Under this dispensation it is hardly surprising that ruling interests have resisted command responsibility becoming part of Sri Lankan jurisprudence. Its absence has made a mockery of the rule of law and gravely impaired the character of our institutions. Implicitly it also leads to resistance to international norms, which forward-looking democratic nations increasingly comply with to the benefit of their peoples. A pretext that gives this state of mind the nature of a necessity is what now has the appearance of a perennial war against the LTTE’s obduracy. The real need is to look beyond the LTTE and confront it with a higher culture.

11. The Importance of Command Responsibility

The resistance to international norms is exemplified in the recent Supreme Court judgment, which ruled that the ICCPR, which Sri Lanka acceded to in 1980, does not have ‘internal effect’ for the lack of enabling parliamentary legislation. We discuss some issues arising from this in ‘Sri Lanka, UN and the Supreme Court Judgment’ (Appendix II to this report). The roots of this approach are also seen in the Supreme Court’s overturning of the convictions in the Bindunuwewa Massacre case on appeal, where there was an undeniable case of command responsibility pointing to persons superior to those convicted in court. The judgment sealed the doors to justice in what was indeed a horrendous crime against humanity. Comments from the bench suggested to observers present that the judgment was guided by an unjustified perception that the Tamil victims were terrorists (UTHR-J, Special Rep. No.19 Part-I).

This is a state of mind that is allowed to dominate due to the lack of public discussion of what really the security and long-term interests of the country entail. It begets the kind of leadership it deserves and promises to keep the country in the doldrums for generations.

Both the ICCPR and the doctrine of command responsibility are part of customary international law. The latter was codified nearly 30 years ago in 1977 in the Additional Protocol I to the Geneva Conventions, relating to the International Armed Conflicts, which Sri Lanka has not ratified. The UN source document International Norms and Standards Relating to Disability says, The human rights values embodied in the U.N. Charter, the Universal Declaration of Human Rights, and the International Covenant on Civil and Political Rights are all elements of customary international law that are rapidly establishing themselves as jus cogens, if they have not already achieved their status.”

Customary law gains strength as a common standard by adoption into treaties setting out associations such as the International Criminal Court and the European Union and special international tribunals such as for Rwanda. The judiciary of a country would serve it well when it sees international customary law as non-derogable standards to be upheld and creates precedents through interpreting domestic laws to meet these standards. The issue about the ICCPR was not whether it was incorporated into domestic law. It was a treaty obligation that Sri Lanka was bound to uphold, thus making it a powerful tool for the courts to extend human rights norms in local practice.

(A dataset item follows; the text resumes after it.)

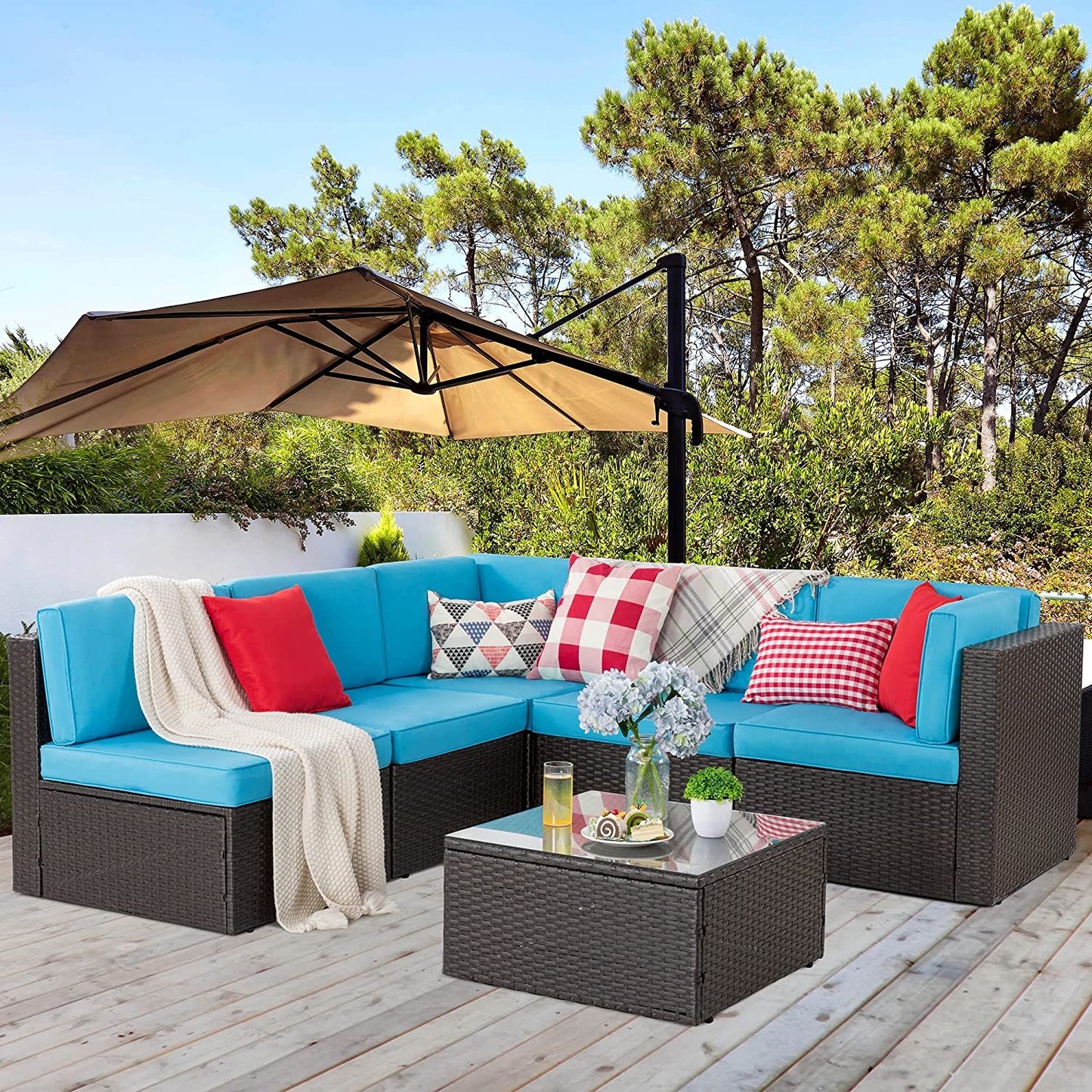 sobaniilowholesale Patio Furniture 6 Pieces PE Wicker Outdoor Sectional Sofa Set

Trying to run away from customary international law would prove very costly. These norms by improving the quality of justice help to mellow conflicts. If we fail to act wisely today these norms would one day be imposed on us from outside. The International Criminal Tribunal for the former Yugoslavia (ICTY) and the International Criminal Tribunal for Rwanda (ICTR) were set up by the UN after their internal conflicts brought them to utter ruin.

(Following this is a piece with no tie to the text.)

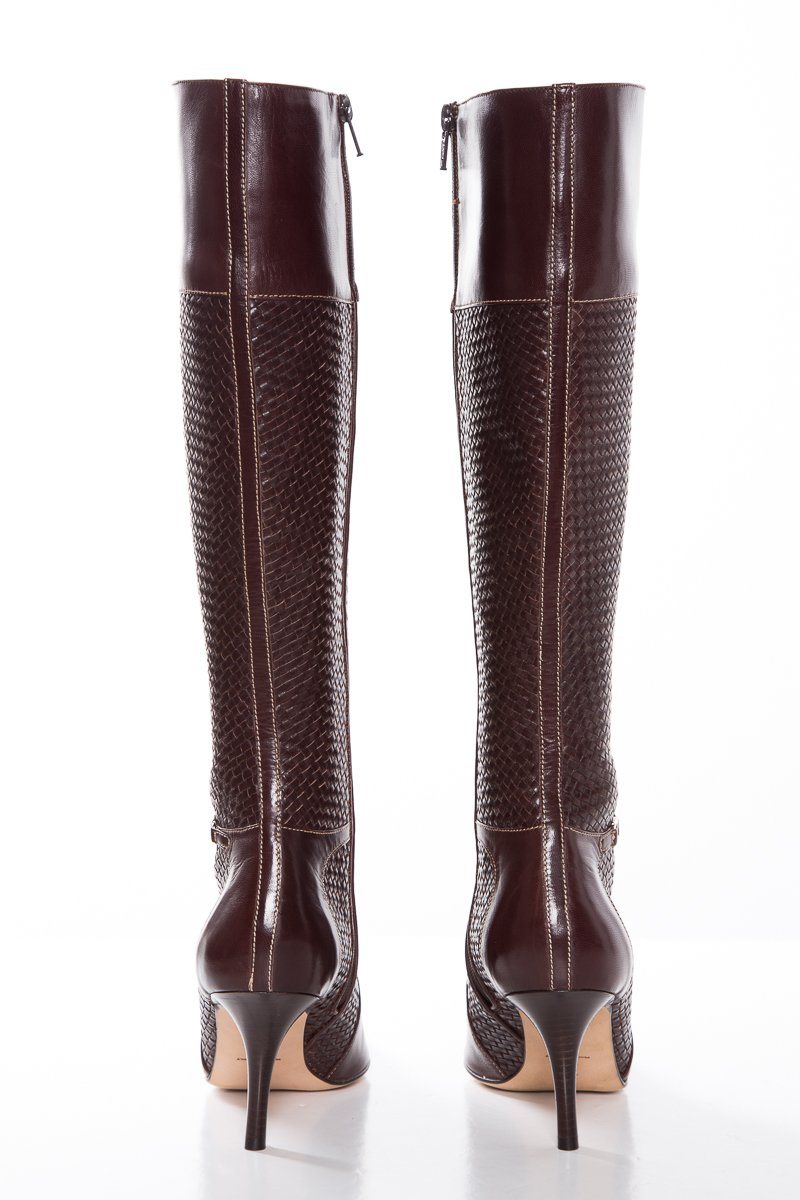 Cole Haan Collection Cognac Woven Leather Boots SZ 7.5 Sale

The words of United Nations Secretary General Kofi Annan, during his visit to the ICTY in 1997 should be a wake up call to Sri Lanka:

By holding individuals accountable regardless of their position, the ICTY’s work has dismantled the tradition of impunity for war crimes and other serious violations of international law, particularly by individuals who held the most senior positions, but also by others who committed especially grave crimes…

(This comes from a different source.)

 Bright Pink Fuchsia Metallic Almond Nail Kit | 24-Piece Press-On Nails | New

Thanks to the ICTY, the question is no longer whether leaders should be held accountable, but rather how can they be called to account.”

One dearly hopes that an international tribunal for crimes against humanity would not be the route by which command responsibility is brought to Sri Lanka. We need to be more reflective in addressing a problem such as the LTTE where the utterly unjustifiable is linked to real political issues.

12. The Special Nature of the LTTE

Although we have drawn particular attention in this report to the State, we have been always clear that the Tamils will be denied peace and dignity as long as the LTTE remains functional. Its brutal murder of the Tamil woman who alerted the people of the LTTE's plans at Kinanthimunai, and the recent murder in Jaffna of the retired principal of Mahajana College, Mr. Nagarajah, simply on the grounds that he had worked for the Ministry of Hindu Affairs, are recurring reminders. The LTTE is the only force that has killed Tamil school principals in the North, including Mr. Sivakadatcham (see forthcoming supplement).

With the Government having fallen into a course that has left it looking as bad as the LTTE, the LTTE knows that it only has to lower its public profile as a gross violator and sit it out while the major attention for violations is focussed on the Government. Over and over again Sri Lankan governments have bailed out the LTTE.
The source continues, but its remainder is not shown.